The renowned emerging markets expert said the trend to follow the index was one of the reasons he left his famed role at Franklin Templeton Investments.
“The whole idea of us active investors now is to get away from the index, and one of the reasons why I decided to leave Franklin Templeton was that we were always being forced to lean towards the index,” said Mobius, speaking at TradeTech Europe.
“We say we’re active managers but we go into a closet and track beta, now we can say ‘we’re not tracking the index at all, we can have 20% in Egypt if we want’.”
“We’re looking at the Nigerians, Kenyans, smaller markets which the indices will not follow. The pool of money is growing, there’s no doubt about that, it’s about where the allocation will be.”
Despite a major uptick in passive management in emerging markets year-to-date coinciding with a downturn in active management, Mobius also predicted a change of fortunes, citing recent meetings with investors in the US.
“The gap between flows of funds active and passive shows you that there is a tremendous opportunity in active,” Mobius added.
“This is what we are finding with our clients: I was amazed by the eagerness – I was in the US recently with various pension funds and family offices – because they said they’ve followed these ETFs and now need something specialised and active.”
Speaking with Michael Fidance, head, CEEMEA sales trading at HSBC, the two discussed a range of emerging markets including India and China, with Mobius having high hopes for the former.
“The amount of IPO activity we expect in India will be equal to China,” Mobius added. “China is the big boy in this space mainly because of the index activity. Look at the ETF flows its going into China because it has a heavier weighting in the index. But that’s just a temporary activity because India is coming up very quickly.

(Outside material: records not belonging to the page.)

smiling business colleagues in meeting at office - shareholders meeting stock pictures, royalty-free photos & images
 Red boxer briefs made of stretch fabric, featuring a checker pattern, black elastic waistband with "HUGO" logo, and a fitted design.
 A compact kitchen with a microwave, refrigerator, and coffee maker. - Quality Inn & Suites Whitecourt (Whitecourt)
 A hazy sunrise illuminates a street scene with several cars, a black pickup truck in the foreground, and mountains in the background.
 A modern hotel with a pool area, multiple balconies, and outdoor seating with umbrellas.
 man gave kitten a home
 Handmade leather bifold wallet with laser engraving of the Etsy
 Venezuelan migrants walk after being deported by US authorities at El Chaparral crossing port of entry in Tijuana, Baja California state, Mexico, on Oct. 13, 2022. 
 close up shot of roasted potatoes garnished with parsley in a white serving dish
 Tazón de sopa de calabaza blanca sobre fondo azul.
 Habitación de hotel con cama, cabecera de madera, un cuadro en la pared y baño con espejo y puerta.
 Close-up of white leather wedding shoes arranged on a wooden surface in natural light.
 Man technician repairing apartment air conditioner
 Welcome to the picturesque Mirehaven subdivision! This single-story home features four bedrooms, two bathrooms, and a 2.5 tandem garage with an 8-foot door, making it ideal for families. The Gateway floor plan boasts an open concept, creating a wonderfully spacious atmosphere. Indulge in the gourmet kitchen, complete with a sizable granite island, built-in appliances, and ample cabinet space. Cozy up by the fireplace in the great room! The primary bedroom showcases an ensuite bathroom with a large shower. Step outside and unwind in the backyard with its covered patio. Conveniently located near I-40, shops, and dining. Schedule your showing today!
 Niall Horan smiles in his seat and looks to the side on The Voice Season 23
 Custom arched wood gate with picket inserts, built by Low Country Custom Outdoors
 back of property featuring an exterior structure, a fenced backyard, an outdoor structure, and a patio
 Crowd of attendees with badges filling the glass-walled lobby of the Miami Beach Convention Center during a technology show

China has been the big focus for emerging markets given its market liberalisation, along with a higher weighting of inclusion within the MSCI index.
China’s A-shares will increase to 20% of MSCI’s Emerging Market Index; making the total passive inflows into China to top $600 billion, while regulatory and market infrastructure changes are also increasing access to RMB- denominated assets.
The TRADE is set to publish a special emerging markets supplement later this month, in association with HSBC, and part of the focus in the issue is on the variable liquidity in emerging markets. Index inclusion, along with market reforms, is something which can have a major impact, making effective liquidity management in emerging markets critical for investment firms, particularly those operating under regulated UCITS banners.
“Liquidity is a major problem, which is why when we sign up a client we tell them to be ready to hang this money up for the next five years,” commented Mobius.
“The interesting thing now is that a lot of the issues from emerging markets are finding their way into the London and New York markets,” he added, referring to Alibaba’s listing on the New York Stock Exchange.